For exclusive interviews from the evening, click through our celebrity slideshow featuring: Darryl “DMC” McDaniels, the stars of White Collar (Tiffani Thiessen-Smith, Matt Bomer, and Tim Dekay), comedian Mike Birbiglia and Jen Stein, Top Chef host Padma Lakshmi, Kyp Malone of TV On The Radio, Joan Firestone (Executive Director of The Moth), and Royal Pains stars Reshma Shetty and Paulo Costanzo.

Photo credit: Robin Damore

Darryl “DMC” McDaniels, three-time Moth contributor 

Flavorwire: What is the key to telling a really great story?

DMC: Be honest and truthful. Even if you’re making up a story — tell it honestly.
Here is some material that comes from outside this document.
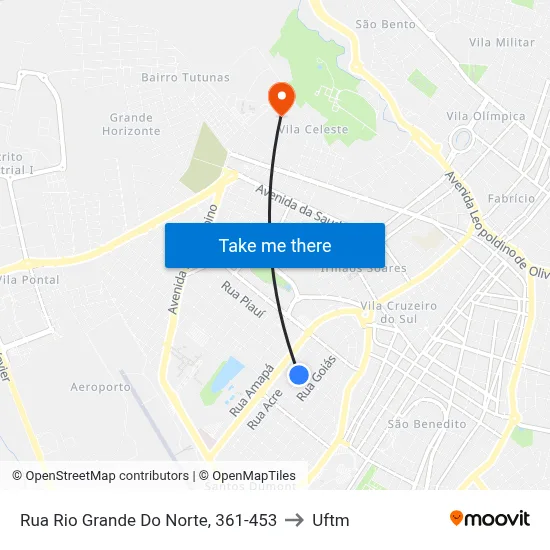 Rua Rio Grande Do Norte, 361-453 to Uftm map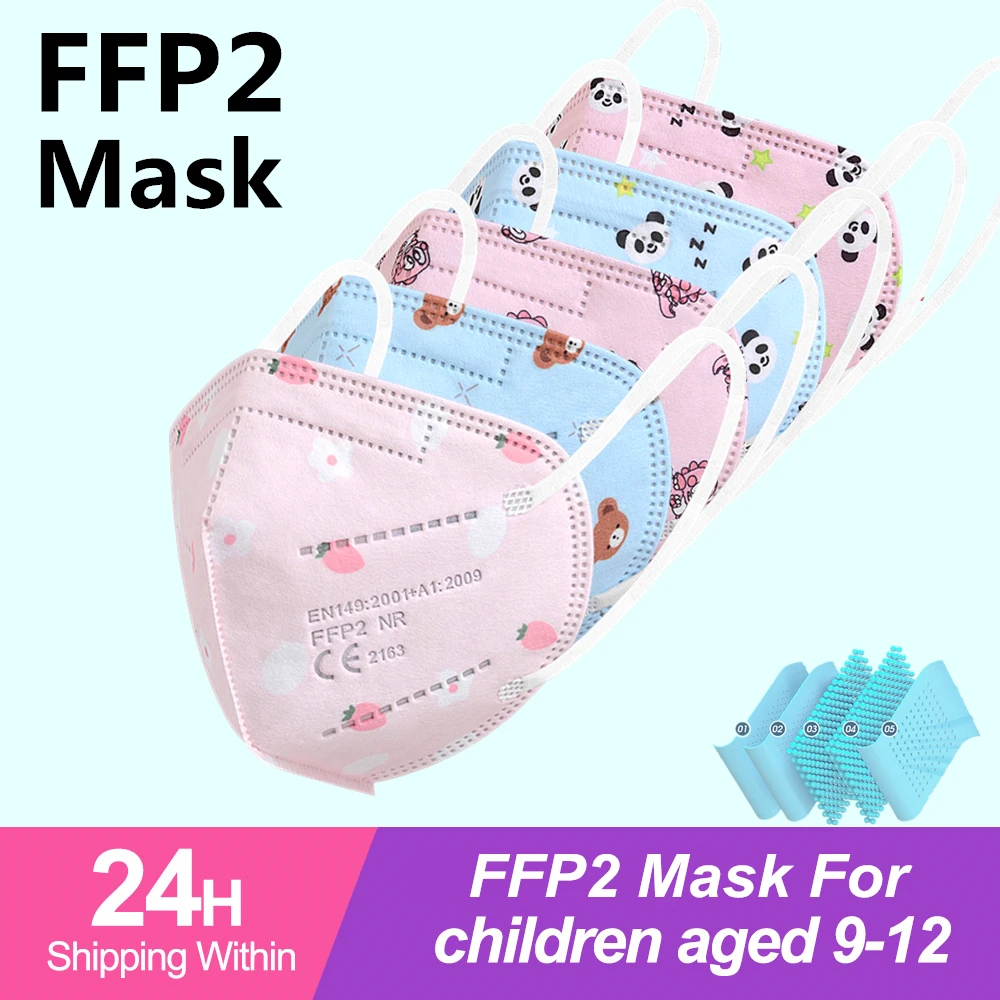 FFP2 Mascarillas KN95 máscara para niños 5 capas máscara para niños niñas ffp2reutilizable respirador protectora máscara de tejido fpp2 máscaras niños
FW: Do you consider yourself a storyteller?

DMC: No, I don’t.

FW: Wait, you don’t?

DMC: Well now I do. I found out that I was adopted at age 35, and I didn’t know my whole life. And so The Moth heard about it, and at first I wasn’t even going to put that on records, and then they said, “Get up there and just tell your story.” And I was like, “There’s no script?” And I did three of them and it brought me healing — which is so crazy.

FW: Do you have a favorite Scorsese film?

DMC: Raging Bull, with Robert De Niro playing Jake LaMotta. The stuff that he did outside of the ring, was so, you know, heartbreaking, inspiring. Because most of the time you see people, celebrities — the truth is they’re just no different from anybody else. That’s what a good story will let you know.